“They eviscerated the book by making it an action movie for young people aged 15 to 25,” Christopher Tolkien says, explaining why the family declined to meet Peter Jackson. In what’s said to be his first interview, published in Le Monde, the 87-year-old executor of the literary estate and editor of the twelve-volume History of Middle Earth expresses his sadness over what the world his father created has become. He mentions not only the movies but video games and the like.
“Tolkien has become a monster, devoured by his own popularity and absorbed into the absurdity of our time,” Christopher Tolkien observes sadly. “The chasm between the beauty and seriousness of the work, and what it has become, has overwhelmed me. The commercialization has reduced the aesthetic and philosophical impact of the creation to nothing. There is only one solution for me: to turn my head away.”
Christopher Tolkien’s own extraordinary work took not only a scholar’s care — he resigned as a professor of Old English at Oxford to do it — but a son’s devotion. He
received his father’s papers after the death: 70 boxes of archives, each stuffed with thousands of unpublished pages. Narratives, tales, lectures, poems of 4,000 lines more or less complete, letters and more letters, all in a frightening disorder. Almost nothing was dated or numbered, just stuffed higgledy-piggledy into the boxes.

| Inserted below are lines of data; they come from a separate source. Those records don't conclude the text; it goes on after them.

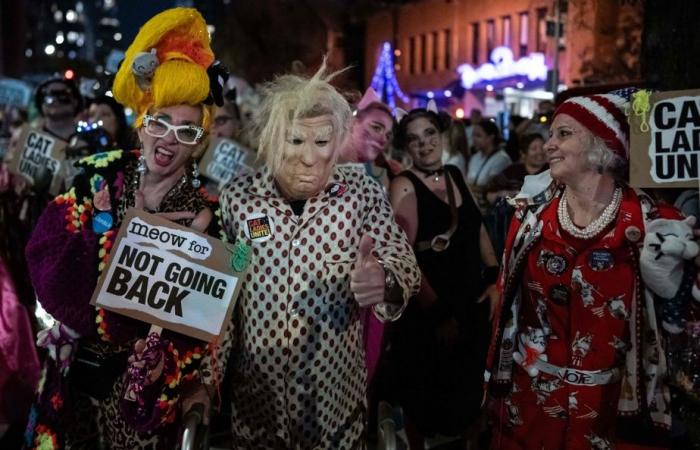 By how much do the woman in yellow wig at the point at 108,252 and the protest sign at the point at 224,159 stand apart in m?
4.91

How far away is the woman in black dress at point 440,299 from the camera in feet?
17.7

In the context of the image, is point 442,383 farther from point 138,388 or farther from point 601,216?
point 138,388

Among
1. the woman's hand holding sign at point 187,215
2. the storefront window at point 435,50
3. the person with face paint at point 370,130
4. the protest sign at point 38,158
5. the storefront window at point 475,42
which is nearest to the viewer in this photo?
the woman's hand holding sign at point 187,215

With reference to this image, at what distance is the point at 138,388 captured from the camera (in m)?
3.13

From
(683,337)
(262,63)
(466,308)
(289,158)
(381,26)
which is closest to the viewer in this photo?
(289,158)

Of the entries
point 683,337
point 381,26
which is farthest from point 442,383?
point 381,26

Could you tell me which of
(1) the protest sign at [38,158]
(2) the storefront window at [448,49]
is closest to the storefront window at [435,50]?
(2) the storefront window at [448,49]

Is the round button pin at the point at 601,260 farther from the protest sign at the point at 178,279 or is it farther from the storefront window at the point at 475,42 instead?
the storefront window at the point at 475,42

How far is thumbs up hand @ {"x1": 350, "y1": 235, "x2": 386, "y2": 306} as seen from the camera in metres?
3.02

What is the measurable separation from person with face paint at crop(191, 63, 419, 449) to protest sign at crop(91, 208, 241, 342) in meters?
0.14

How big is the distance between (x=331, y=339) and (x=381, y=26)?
146ft

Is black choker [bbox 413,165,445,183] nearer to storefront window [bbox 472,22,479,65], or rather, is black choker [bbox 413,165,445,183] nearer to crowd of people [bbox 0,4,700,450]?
crowd of people [bbox 0,4,700,450]

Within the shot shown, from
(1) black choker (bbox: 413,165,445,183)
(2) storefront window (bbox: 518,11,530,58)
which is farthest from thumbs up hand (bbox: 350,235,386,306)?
(2) storefront window (bbox: 518,11,530,58)

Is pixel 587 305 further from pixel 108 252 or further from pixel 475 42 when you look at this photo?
pixel 475 42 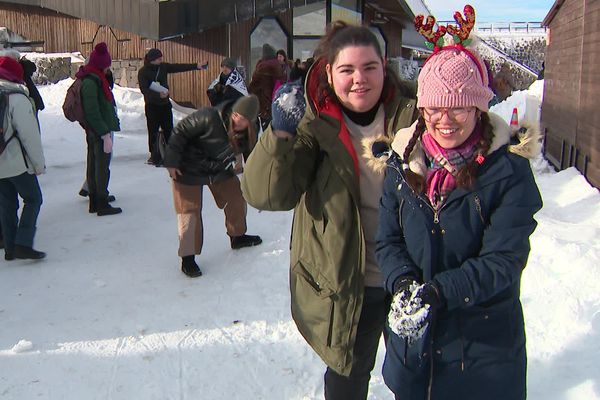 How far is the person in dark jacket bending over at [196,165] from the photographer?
455 centimetres

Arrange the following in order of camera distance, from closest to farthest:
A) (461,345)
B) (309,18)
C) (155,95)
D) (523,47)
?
(461,345) → (155,95) → (309,18) → (523,47)

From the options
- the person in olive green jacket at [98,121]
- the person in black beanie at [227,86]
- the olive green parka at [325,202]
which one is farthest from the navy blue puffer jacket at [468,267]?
the person in black beanie at [227,86]

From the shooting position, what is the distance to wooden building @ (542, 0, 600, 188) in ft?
24.9

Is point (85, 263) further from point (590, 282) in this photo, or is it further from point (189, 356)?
point (590, 282)

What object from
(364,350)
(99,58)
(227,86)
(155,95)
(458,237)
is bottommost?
(364,350)

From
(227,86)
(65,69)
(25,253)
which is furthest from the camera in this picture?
(65,69)

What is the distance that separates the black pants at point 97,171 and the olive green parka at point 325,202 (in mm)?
4917

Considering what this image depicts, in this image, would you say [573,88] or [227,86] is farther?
[573,88]

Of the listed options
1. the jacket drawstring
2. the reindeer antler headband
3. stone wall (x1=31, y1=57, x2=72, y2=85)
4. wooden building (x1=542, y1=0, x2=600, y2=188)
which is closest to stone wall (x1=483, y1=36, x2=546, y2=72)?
wooden building (x1=542, y1=0, x2=600, y2=188)

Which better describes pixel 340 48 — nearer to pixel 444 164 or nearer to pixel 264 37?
pixel 444 164

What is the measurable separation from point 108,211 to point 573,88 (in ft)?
23.7

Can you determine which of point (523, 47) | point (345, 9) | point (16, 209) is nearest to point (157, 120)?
point (16, 209)

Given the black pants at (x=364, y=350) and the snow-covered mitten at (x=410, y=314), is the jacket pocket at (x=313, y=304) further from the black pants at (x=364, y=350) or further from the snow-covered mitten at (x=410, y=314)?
the snow-covered mitten at (x=410, y=314)

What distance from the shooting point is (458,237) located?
5.90 feet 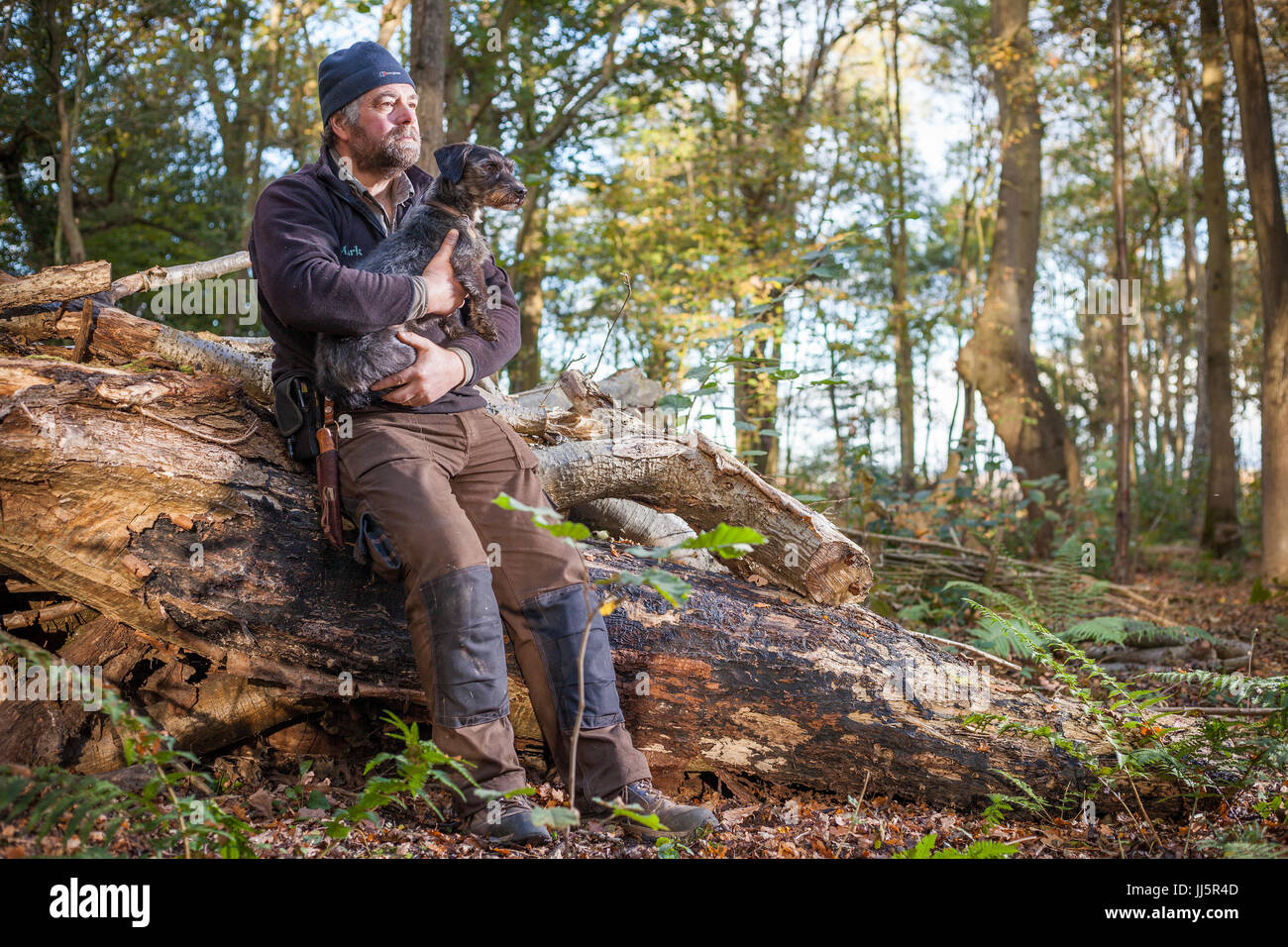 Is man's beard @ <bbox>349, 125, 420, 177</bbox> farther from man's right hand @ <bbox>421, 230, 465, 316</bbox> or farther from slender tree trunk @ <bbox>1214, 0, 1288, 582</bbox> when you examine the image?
slender tree trunk @ <bbox>1214, 0, 1288, 582</bbox>

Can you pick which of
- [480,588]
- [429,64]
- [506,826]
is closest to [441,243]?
[480,588]

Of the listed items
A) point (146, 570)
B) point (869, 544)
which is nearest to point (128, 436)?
point (146, 570)

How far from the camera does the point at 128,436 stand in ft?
10.6

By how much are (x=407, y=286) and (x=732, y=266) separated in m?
10.3

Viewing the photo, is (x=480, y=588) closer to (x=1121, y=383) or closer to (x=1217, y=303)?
(x=1121, y=383)

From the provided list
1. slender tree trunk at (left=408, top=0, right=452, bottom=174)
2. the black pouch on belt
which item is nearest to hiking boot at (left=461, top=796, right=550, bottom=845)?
the black pouch on belt

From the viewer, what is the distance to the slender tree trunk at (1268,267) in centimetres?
943

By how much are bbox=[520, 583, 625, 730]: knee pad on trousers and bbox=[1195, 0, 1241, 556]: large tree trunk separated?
12.9 m

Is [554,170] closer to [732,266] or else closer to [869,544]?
[732,266]

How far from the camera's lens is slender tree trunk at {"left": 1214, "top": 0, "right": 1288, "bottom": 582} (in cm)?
943

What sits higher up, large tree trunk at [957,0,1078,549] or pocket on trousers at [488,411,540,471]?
large tree trunk at [957,0,1078,549] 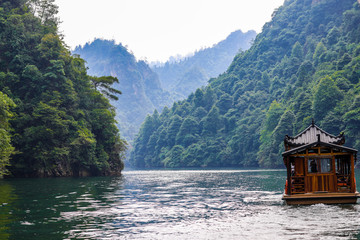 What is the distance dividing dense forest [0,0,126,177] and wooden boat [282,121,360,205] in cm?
4160

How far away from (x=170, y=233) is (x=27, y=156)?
48.5 meters

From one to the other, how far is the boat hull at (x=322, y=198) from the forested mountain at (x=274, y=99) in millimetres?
Result: 59126

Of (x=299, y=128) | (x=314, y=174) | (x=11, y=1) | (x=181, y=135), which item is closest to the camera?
(x=314, y=174)

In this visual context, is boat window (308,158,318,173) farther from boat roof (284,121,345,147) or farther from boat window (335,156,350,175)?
boat window (335,156,350,175)

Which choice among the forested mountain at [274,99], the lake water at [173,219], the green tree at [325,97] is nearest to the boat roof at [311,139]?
the lake water at [173,219]

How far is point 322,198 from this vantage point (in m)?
24.9

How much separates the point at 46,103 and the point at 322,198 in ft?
160

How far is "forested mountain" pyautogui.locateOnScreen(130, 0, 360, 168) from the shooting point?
307ft

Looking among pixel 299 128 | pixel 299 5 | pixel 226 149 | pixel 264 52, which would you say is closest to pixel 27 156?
pixel 299 128

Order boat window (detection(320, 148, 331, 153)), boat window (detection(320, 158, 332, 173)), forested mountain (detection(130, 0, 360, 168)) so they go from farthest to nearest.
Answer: forested mountain (detection(130, 0, 360, 168)) < boat window (detection(320, 158, 332, 173)) < boat window (detection(320, 148, 331, 153))

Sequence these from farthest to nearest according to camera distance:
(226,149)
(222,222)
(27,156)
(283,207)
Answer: (226,149)
(27,156)
(283,207)
(222,222)

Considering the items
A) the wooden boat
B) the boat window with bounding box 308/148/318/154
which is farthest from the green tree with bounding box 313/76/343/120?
the boat window with bounding box 308/148/318/154

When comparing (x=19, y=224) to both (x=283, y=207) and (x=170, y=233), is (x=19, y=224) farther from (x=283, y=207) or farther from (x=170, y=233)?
(x=283, y=207)

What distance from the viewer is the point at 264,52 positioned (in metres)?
176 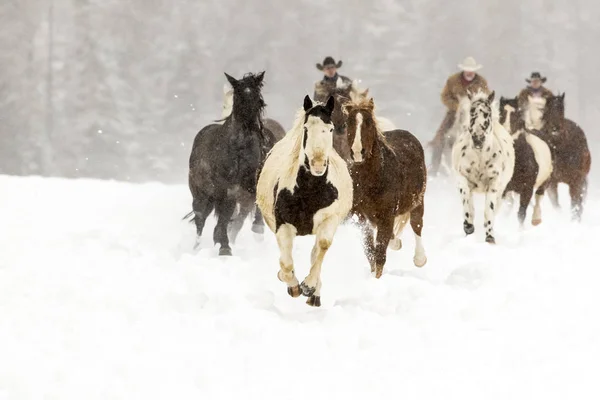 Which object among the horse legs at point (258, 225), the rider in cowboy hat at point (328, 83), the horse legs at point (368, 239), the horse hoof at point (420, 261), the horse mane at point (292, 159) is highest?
the rider in cowboy hat at point (328, 83)

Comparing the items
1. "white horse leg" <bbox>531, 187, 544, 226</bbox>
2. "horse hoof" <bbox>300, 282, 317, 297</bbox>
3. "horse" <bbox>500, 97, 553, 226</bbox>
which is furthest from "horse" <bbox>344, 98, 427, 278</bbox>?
"white horse leg" <bbox>531, 187, 544, 226</bbox>

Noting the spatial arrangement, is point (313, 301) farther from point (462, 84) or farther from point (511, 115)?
point (462, 84)

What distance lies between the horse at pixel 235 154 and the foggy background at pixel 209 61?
2869 cm

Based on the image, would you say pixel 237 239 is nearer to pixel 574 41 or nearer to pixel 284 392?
pixel 284 392

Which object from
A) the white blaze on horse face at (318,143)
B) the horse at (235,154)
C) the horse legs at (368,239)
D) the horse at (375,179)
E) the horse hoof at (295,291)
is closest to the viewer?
the white blaze on horse face at (318,143)

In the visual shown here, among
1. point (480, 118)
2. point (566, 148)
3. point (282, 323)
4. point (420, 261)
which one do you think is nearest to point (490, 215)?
point (480, 118)

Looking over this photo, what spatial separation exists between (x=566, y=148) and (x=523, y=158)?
238cm

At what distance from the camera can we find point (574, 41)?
147ft

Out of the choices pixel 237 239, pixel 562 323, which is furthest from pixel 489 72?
pixel 562 323

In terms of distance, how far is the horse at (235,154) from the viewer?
384 inches

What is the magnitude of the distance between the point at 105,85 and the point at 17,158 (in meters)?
5.08

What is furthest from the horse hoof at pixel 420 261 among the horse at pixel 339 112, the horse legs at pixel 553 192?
the horse legs at pixel 553 192

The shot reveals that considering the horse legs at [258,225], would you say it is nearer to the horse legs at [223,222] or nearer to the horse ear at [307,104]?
the horse legs at [223,222]

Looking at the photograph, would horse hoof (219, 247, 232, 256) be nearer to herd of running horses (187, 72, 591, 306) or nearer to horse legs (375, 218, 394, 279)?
herd of running horses (187, 72, 591, 306)
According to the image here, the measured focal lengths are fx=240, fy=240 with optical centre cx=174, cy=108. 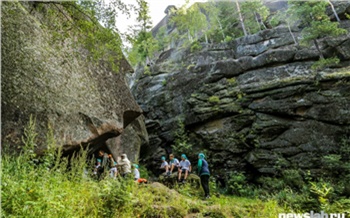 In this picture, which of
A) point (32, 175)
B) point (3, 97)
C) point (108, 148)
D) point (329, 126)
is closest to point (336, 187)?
point (329, 126)

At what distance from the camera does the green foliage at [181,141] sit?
17087 mm

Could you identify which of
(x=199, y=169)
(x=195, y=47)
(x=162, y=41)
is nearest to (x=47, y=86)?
(x=199, y=169)

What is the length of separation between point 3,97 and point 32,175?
4.18m

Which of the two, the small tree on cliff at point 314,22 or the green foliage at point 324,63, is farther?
the small tree on cliff at point 314,22

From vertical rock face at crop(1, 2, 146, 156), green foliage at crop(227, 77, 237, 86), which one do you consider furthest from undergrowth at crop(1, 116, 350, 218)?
green foliage at crop(227, 77, 237, 86)

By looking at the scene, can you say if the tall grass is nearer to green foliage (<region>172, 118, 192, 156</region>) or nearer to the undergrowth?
the undergrowth

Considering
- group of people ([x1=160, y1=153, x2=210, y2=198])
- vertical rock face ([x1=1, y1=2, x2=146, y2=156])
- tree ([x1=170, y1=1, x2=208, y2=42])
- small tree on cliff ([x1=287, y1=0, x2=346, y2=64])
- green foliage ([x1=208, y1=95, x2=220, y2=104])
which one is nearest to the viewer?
vertical rock face ([x1=1, y1=2, x2=146, y2=156])

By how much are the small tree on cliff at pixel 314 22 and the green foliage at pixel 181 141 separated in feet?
35.6

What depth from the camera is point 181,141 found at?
58.9 ft

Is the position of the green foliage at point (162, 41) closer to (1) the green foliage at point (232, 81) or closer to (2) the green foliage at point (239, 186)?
(1) the green foliage at point (232, 81)

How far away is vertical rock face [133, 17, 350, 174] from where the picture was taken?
13977mm

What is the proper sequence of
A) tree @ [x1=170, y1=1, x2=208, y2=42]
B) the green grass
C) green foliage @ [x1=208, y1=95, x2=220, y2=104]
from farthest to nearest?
1. tree @ [x1=170, y1=1, x2=208, y2=42]
2. green foliage @ [x1=208, y1=95, x2=220, y2=104]
3. the green grass

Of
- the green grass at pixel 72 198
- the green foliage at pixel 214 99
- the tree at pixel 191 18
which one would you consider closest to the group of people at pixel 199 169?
the green grass at pixel 72 198

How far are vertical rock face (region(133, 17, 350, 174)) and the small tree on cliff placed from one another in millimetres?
774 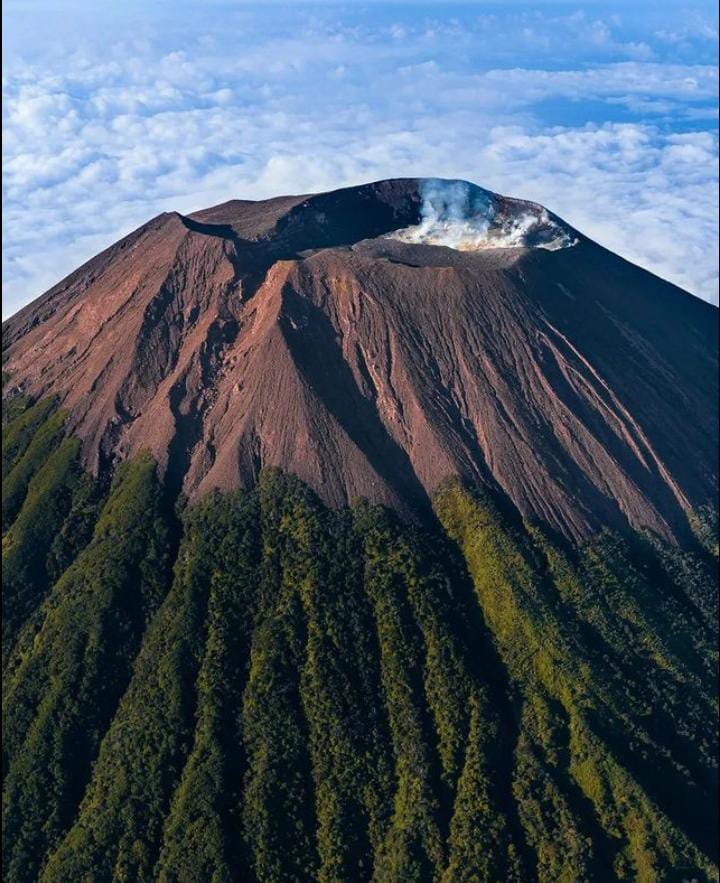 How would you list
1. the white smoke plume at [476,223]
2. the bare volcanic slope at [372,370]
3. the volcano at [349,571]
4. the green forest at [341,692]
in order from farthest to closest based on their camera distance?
the white smoke plume at [476,223], the bare volcanic slope at [372,370], the volcano at [349,571], the green forest at [341,692]

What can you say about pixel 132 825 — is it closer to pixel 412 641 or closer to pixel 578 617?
pixel 412 641

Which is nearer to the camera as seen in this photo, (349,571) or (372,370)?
(349,571)

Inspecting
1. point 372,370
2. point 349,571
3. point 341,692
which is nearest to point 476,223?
point 372,370

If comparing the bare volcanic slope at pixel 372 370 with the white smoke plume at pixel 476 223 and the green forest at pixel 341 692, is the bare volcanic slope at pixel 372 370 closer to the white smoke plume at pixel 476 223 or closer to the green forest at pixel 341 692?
the white smoke plume at pixel 476 223

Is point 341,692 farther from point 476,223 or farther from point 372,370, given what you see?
point 476,223

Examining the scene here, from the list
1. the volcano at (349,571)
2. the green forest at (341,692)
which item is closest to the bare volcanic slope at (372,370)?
the volcano at (349,571)

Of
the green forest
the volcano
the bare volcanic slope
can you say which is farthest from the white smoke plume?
the green forest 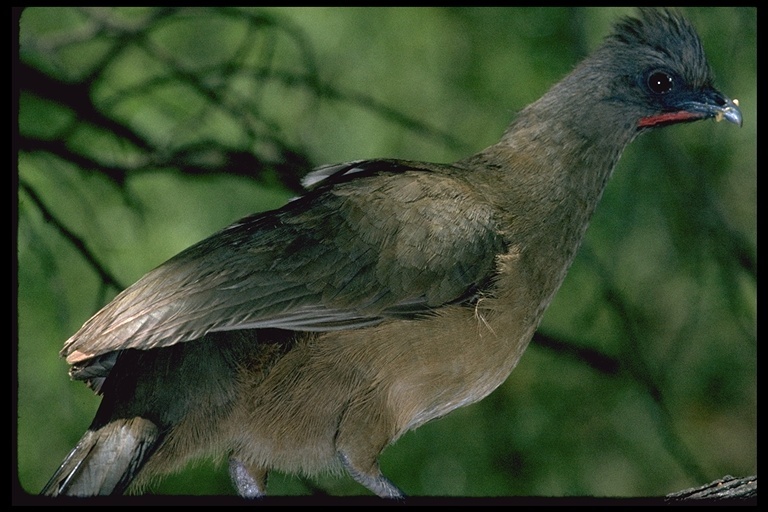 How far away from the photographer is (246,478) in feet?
11.3

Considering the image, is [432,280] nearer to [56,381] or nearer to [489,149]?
[489,149]

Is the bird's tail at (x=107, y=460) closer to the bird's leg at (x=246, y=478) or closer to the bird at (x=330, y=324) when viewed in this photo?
the bird at (x=330, y=324)

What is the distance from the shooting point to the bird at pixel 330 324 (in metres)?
3.00

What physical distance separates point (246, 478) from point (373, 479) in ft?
1.53

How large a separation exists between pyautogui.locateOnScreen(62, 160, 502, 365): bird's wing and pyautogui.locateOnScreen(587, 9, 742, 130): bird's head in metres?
0.73

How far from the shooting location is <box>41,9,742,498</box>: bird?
2998 mm

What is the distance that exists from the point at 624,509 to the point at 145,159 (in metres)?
2.54

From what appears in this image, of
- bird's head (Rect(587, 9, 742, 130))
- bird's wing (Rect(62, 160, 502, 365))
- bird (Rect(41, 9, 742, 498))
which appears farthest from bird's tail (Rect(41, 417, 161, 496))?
bird's head (Rect(587, 9, 742, 130))

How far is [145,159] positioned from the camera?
431 centimetres

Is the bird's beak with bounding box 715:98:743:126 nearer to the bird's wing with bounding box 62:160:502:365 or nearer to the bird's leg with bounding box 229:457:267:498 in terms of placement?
the bird's wing with bounding box 62:160:502:365

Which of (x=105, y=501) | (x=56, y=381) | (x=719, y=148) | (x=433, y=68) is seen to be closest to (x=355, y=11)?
(x=433, y=68)

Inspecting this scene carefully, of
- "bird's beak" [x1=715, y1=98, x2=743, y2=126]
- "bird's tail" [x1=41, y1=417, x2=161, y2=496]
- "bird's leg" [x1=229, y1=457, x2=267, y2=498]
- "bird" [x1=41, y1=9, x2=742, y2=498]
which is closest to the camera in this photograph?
"bird's tail" [x1=41, y1=417, x2=161, y2=496]

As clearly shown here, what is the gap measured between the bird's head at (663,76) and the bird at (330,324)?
8 centimetres

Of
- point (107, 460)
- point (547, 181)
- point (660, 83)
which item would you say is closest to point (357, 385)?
point (107, 460) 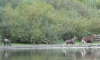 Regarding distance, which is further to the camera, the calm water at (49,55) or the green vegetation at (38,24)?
the green vegetation at (38,24)

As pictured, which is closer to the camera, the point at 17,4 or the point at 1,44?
the point at 1,44

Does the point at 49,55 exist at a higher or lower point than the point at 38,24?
lower

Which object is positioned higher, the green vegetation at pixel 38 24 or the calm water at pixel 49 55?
the green vegetation at pixel 38 24

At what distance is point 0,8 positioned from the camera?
167 ft

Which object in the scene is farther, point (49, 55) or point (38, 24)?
point (38, 24)

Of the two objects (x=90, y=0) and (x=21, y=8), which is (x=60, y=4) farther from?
(x=90, y=0)

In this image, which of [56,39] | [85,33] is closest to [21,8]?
[56,39]

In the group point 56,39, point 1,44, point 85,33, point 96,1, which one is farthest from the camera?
point 96,1

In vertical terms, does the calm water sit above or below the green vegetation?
below

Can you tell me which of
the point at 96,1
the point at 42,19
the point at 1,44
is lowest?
the point at 1,44

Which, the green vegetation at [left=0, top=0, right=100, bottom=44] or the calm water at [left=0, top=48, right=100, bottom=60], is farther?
the green vegetation at [left=0, top=0, right=100, bottom=44]

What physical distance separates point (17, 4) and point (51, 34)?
1049 centimetres

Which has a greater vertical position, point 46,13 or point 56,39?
point 46,13

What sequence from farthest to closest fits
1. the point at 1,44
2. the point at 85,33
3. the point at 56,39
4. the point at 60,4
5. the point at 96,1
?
the point at 96,1 < the point at 60,4 < the point at 85,33 < the point at 56,39 < the point at 1,44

“He had the habit of traveling between Oxford and Bournemouth, where he often stayed,” Baillie Tolkien [Christopher's wife] recounts. “When he left, he would put armfuls of papers into a suitcase which he always kept with him. When he arrived, he would sometimes pull out any sheet at random and start with that one!” On top of all this, the handwritten manuscripts were almost indecipherable because his handwriting was so cramped.